To mark this Anniversary, world leaders will gather for two ceremonies. One was held on Thursday 23rd January 2020 in Jerusalem and the second a few days later on Monday, 27th January 2020, at Auschwitz itself in southern Poland.
Political leaders will join the elderly survivors of Auschwitz to pay homage to the six million Jewish people slaughtered during the years of the Holocaust.
It is a sad fact that these commemorative ceremonies run the risk of being completely overshadowed by the rancorous dispute between Russia and Poland. Poland was the country that hosted many death camps while under occupation by the Nazi regime, and Russia, formerly the Soviet Union, undertook the liberation.
A Polish historian and former director of the POLIN Museum of the History of Polish Jews, Dariusz Stola, said that these commemorative ceremonies should be used by people of the present focusing on those of the past, and not used for contemporary political wrangling.
The political animosity between Russia and Poland goes back many decades.
In 1939 the Soviet Union signed the Molotov-Ribbentrop pact, a non-aggression treaty with Nazi Germany, that contained a secret provision saying that Eastern Europe would be carved up when Germany won the war.
Then two years later, the Nazis ignored this pact and invaded the Soviet Union, an act that brought the Soviets into the war on the side of the Allied Forces. The war on the Eastern Front was bloody, and millions of Soviet soldiers lost their lives fighting against the Germans.
Then on the 27th January 1945, Soviet forces liberated Auschwitz.
With historical memory in the West focusing more on the Soviet Union actuating the war rather than their role in defeating Germany, the Russian President, Vladimir Putin, is now trying to shift the blame for the war onto Polish shoulders.
It is not surprising that this has infuriated Polish leaders who believe that this is a move on Putin’s part to diminish Poland’s influence in the European Union.
Poland has been one of the countries that want to ensure that European Union sanctions are maintained against Russia for the Russian annexation of the Crimea. The Polish government has also been fighting against a gas pipeline planned by the Russians.
Prime Minister Mateusz Morawiecki of Poland has come out to accuse Putin of deliberately lying to cover up the many Russian failures, including the recent doping scandals that rocked the athletics world.

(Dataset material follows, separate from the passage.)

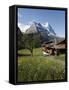 View from Grindelwald to Eiger, Bernese Oberland, Swiss Alps, Switzerland, Europe-Hans Peter Merten-Framed Stretched Canvas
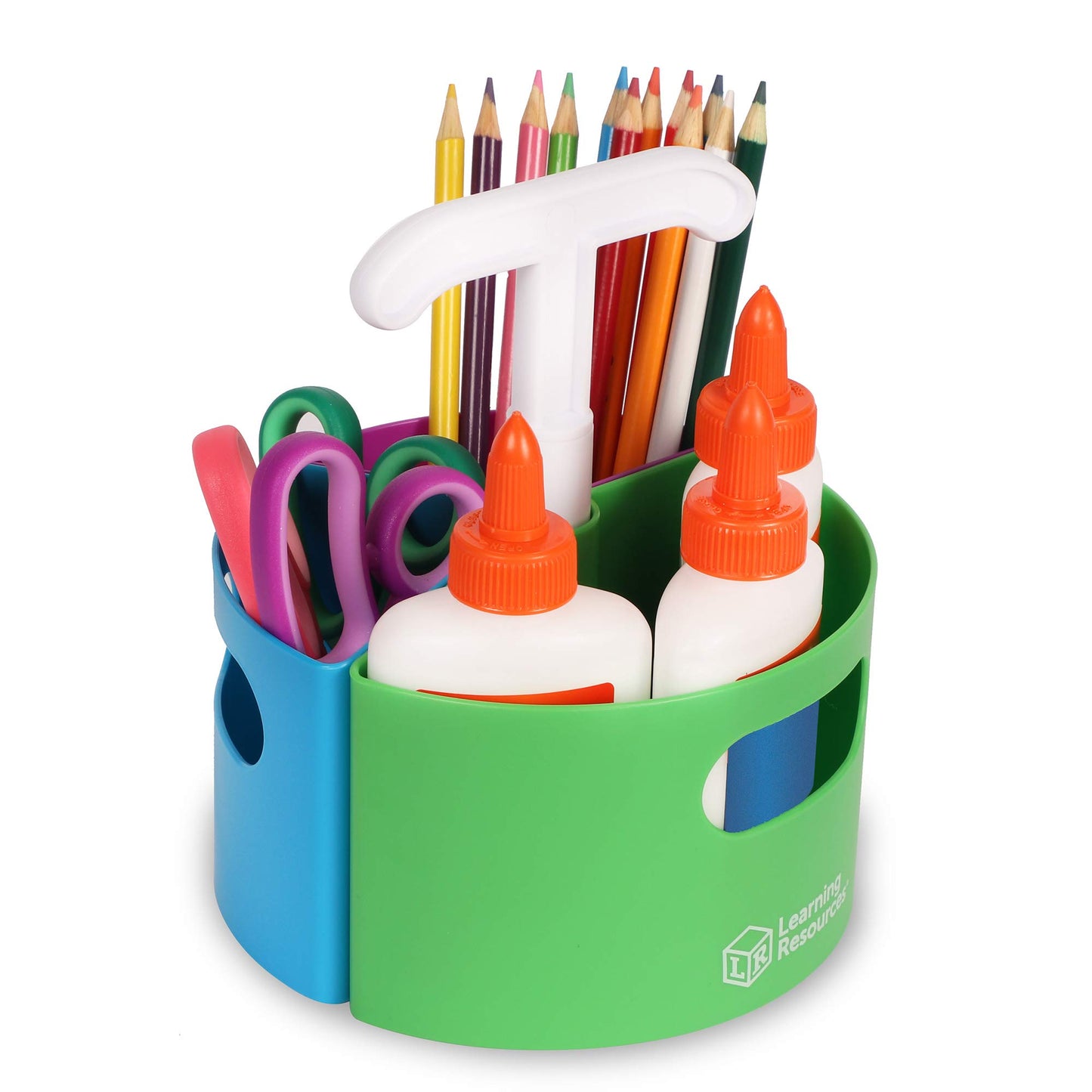 Learning Resources Create-a-Space Storage Center Mini Bundle, Home School Accessories, Fits 3oz Hand Sanitizer Bottles, Teacher Organizer, Classroom Craft Portable Activities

On the other side of the coin, Poland stands accused of allegedly talking down the role that Polish people played in assisting the Nazis in killing Jewish people.
The Russians have come out to claim that Poland should shoulder the blame for starting the war, even though the country was invaded by the Nazis in 1939.
This claim has been scoffed at by Western historians as a disingenuous gambit by the Russians to glorify the Great Patriotic War, as WWII is known in Russia, as well as the regime under Stalin that was responsible for the deaths of many thousands of Russians and people from Eastern Europe who suffered under communist rule for decades.
To counteract this, the Polish government has come out to defend Poland’s record during WWII in trying to save the Jews. They have also emphasized the economic and cultural damage done by the Russians while Poland was under Russian control since the end of the war.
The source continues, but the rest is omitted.